What to do -
In the data below, one line contains "50Pcs Rugby Doodle" and a later one contains "LOUENHIDE SUKI PHONE BAG - ALMOND". Print both, with every line between them, exactly and alone.

(Saved entries)
== == ==

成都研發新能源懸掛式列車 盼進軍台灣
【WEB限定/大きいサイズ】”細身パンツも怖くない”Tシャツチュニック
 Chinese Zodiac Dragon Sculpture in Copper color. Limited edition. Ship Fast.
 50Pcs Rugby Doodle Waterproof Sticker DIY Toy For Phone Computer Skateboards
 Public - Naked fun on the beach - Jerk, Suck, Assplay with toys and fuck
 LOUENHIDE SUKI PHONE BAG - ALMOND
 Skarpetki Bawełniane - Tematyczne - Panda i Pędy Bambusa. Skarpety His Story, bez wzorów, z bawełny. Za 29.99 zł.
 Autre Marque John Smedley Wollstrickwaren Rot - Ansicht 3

== == ==

Exercise solution -
 50Pcs Rugby Doodle Waterproof Sticker DIY Toy For Phone Computer Skateboards
 Public - Naked fun on the beach - Jerk, Suck, Assplay with toys and fuck
 LOUENHIDE SUKI PHONE BAG - ALMOND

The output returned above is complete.